--- RECORDS SHOWN ---
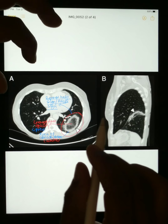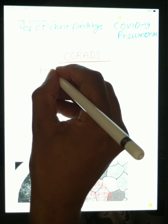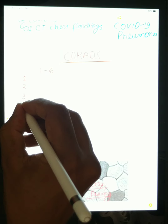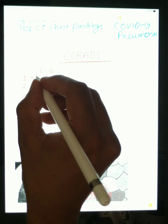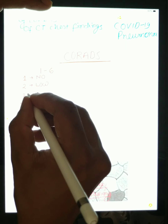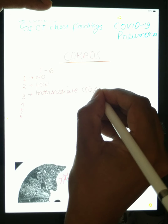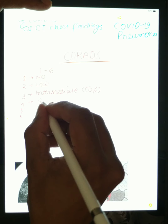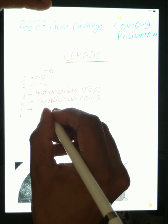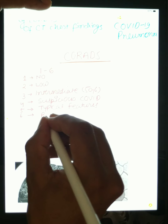So now we will go back to CORADS scoring. In CORADS scoring, a number is given from 1 to 6. If the number is 1, there are no chances of COVID-19 pneumonia. Number 2 means low chances of COVID-19 pneumonia. Number 3 is intermediate — 50% chances of COVID-19 pneumonia. Number 4 is suspicious of COVID. Number 5 means typical features of COVID-19 pneumonia. And number 6 is RT-PCR positive COVID-19 pneumonia.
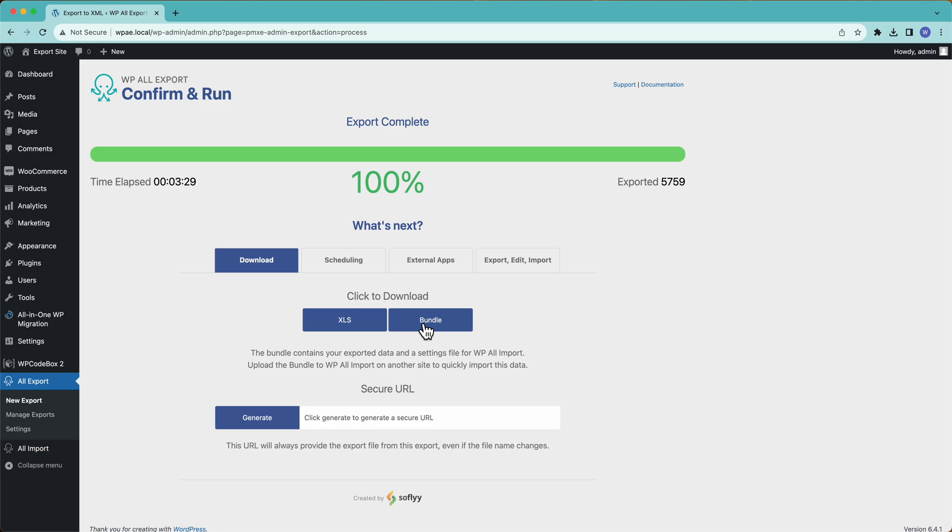So that is all it takes to export WooCommerce orders to Excel using WP All Import. Thanks for watching, and we'll see you soon.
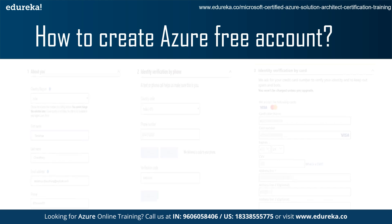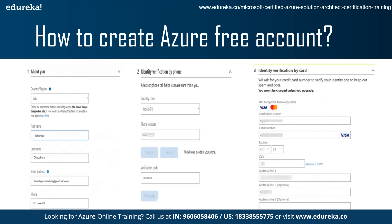In the first step, 'About You,' you fill in your basic details: first name, last name, email ID, and phone number. The next step is identity verification by phone, where you give your phone number, receive an OTP, enter the one-time password, and verify your phone number. Once verified, you move on to identity verification by card, where you fill in your credit card details including the cardholder name, credit card number, its expiry, CVV, and your address.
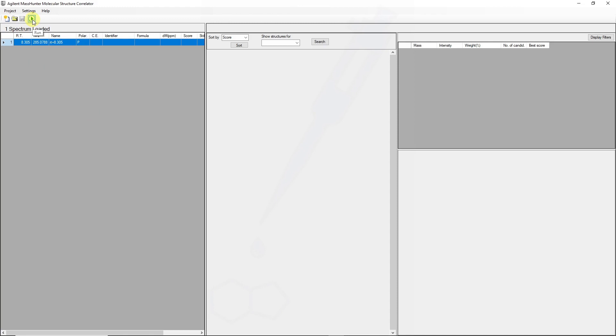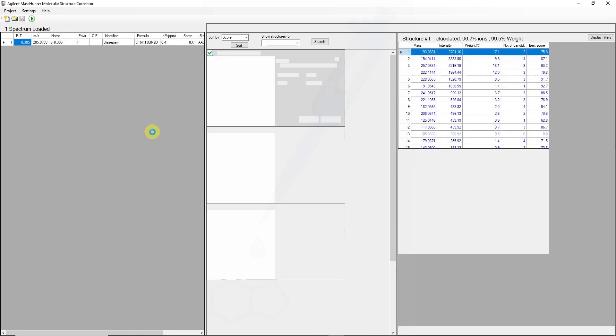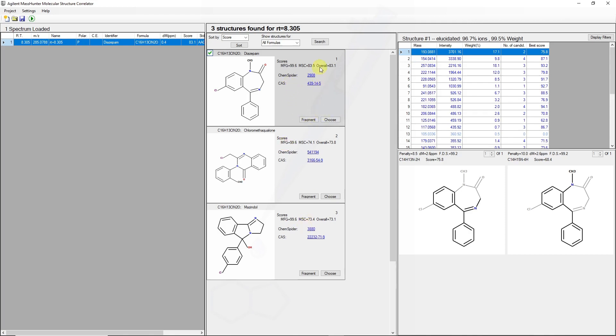If I hit the Run button, I should get a result. And in this case, those three formulas were transferred from the PCDL, because the software was able to calculate the correct neutral mass from the information provided in the MS-MS spectra. You can see these are now ranked based on score, and we can see the overall scores 83, 73, and 73 have been associated with each of these molecules.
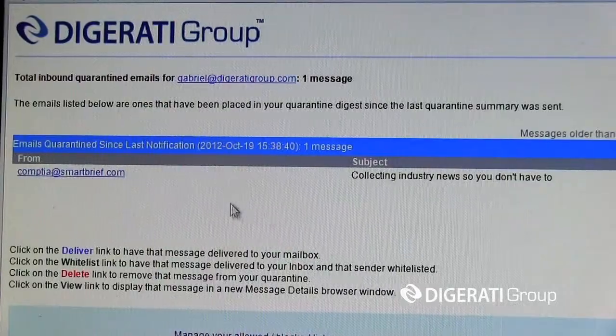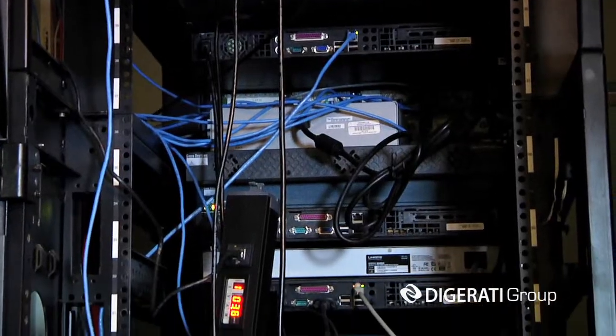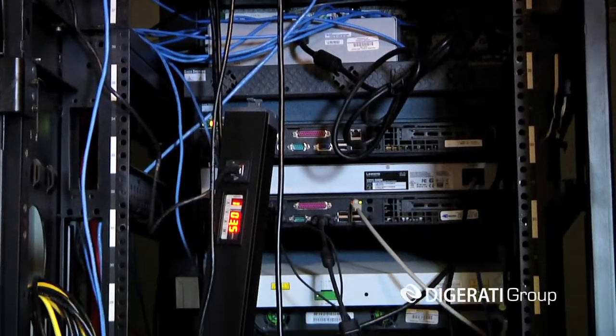Anything that you save, anything that you're doing computing-wise, is happening on the server as opposed to happening on the desktop. Digirati Group has had several large deployments on virtual desktop infrastructure spanning a variety of different verticals, both on the corporate side and on the state and educational side.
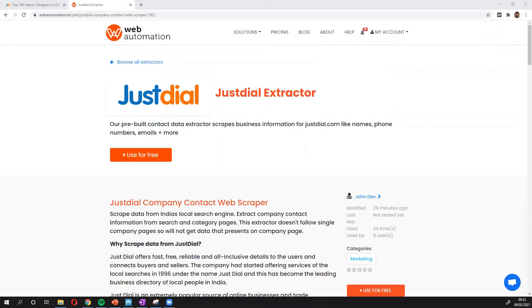Hi, everyone. This is Victor from Web Automation. And in this video, I'm going to show you how to scrape really important details about businesses from justdial.com, like names, phone numbers, emails, etc.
---
WHAT NEEDS TO BE DONE
The response must repeat all the lines above exactly and include no pictures.

EXERCISE RESPONSE
So now we will go back to CORADS scoring. In CORADS scoring, a number is given from 1 to 6. If the number is 1, there are no chances of COVID-19 pneumonia. Number 2 means low chances of COVID-19 pneumonia. Number 3 is intermediate — 50% chances of COVID-19 pneumonia. Number 4 is suspicious of COVID. Number 5 means typical features of COVID-19 pneumonia. And number 6 is RT-PCR positive COVID-19 pneumonia.
So that is all it takes to export WooCommerce orders to Excel using WP All Import. Thanks for watching, and we'll see you soon.
In the first step, 'About You,' you fill in your basic details: first name, last name, email ID, and phone number. The next step is identity verification by phone, where you give your phone number, receive an OTP, enter the one-time password, and verify your phone number. Once verified, you move on to identity verification by card, where you fill in your credit card details including the cardholder name, credit card number, its expiry, CVV, and your address.
If I hit the Run button, I should get a result. And in this case, those three formulas were transferred from the PCDL, because the software was able to calculate the correct neutral mass from the information provided in the MS-MS spectra. You can see these are now ranked based on score, and we can see the overall scores 83, 73, and 73 have been associated with each of these molecules.
Anything that you save, anything that you're doing computing-wise, is happening on the server as opposed to happening on the desktop. Digirati Group has had several large deployments on virtual desktop infrastructure spanning a variety of different verticals, both on the corporate side and on the state and educational side.
Hi, everyone. This is Victor from Web Automation. And in this video, I'm going to show you how to scrape really important details about businesses from justdial.com, like names, phone numbers, emails, etc.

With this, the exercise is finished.